> **What is being asked**
Exactly as they appear below, repeat the lines from the one with "Solar panels on" through the one with "Chic Detachable Collar", and no others.

> **Records shown**
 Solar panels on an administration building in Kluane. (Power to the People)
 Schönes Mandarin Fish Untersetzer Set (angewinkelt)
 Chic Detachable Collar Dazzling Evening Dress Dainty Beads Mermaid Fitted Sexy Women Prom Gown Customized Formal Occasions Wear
...
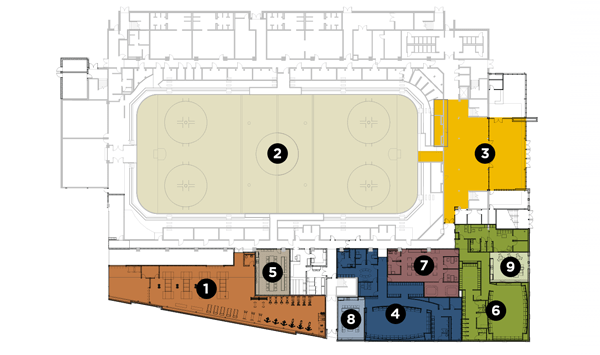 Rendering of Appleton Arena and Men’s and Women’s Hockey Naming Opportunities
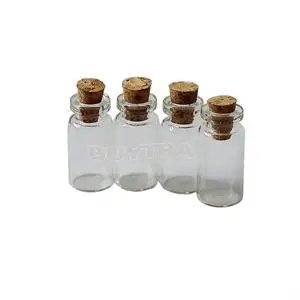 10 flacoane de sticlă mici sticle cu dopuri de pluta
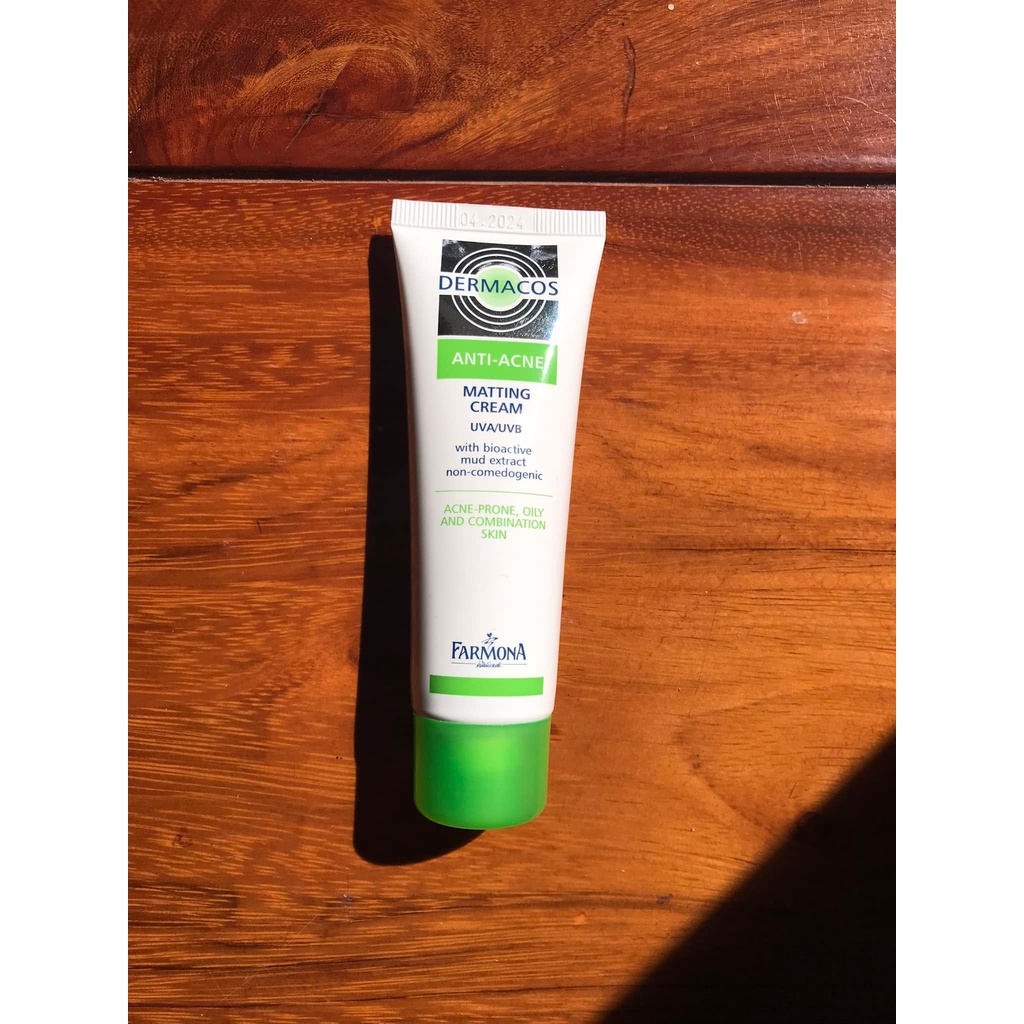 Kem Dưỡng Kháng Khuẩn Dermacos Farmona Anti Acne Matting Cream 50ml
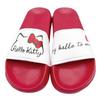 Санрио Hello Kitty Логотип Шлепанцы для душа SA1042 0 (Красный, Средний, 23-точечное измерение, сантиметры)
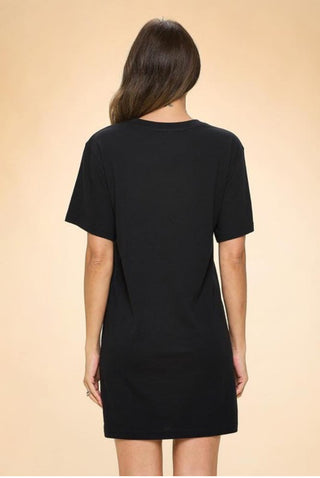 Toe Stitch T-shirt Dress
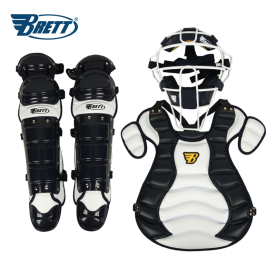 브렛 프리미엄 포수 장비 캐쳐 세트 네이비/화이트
==
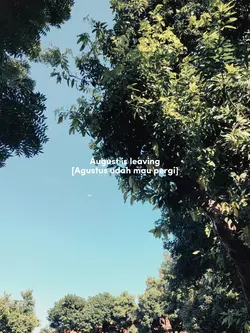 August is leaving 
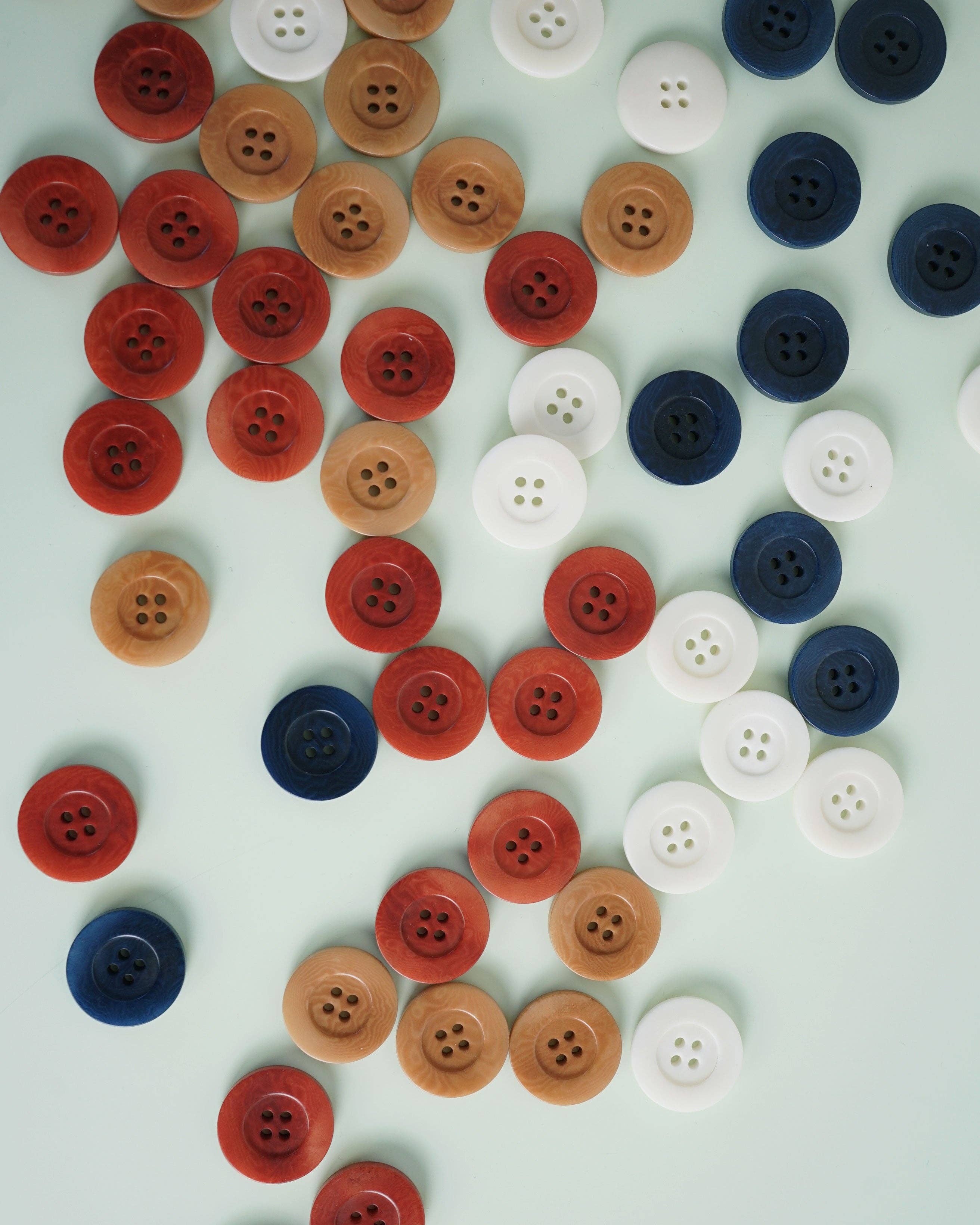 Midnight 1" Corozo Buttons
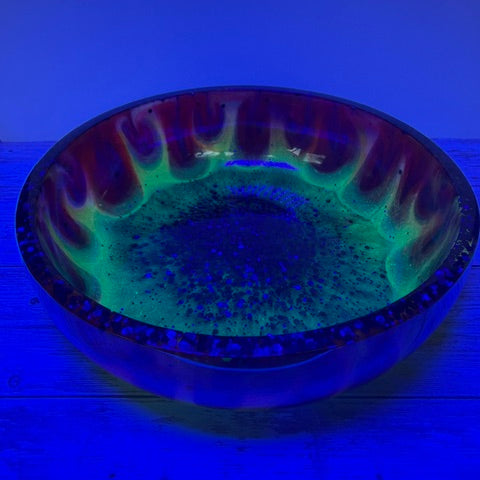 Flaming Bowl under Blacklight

> **Output for this exercise**
 Solar panels on an administration building in Kluane. (Power to the People)
 Schönes Mandarin Fish Untersetzer Set (angewinkelt)
 Chic Detachable Collar Dazzling Evening Dress Dainty Beads Mermaid Fitted Sexy Women Prom Gown Customized Formal Occasions Wear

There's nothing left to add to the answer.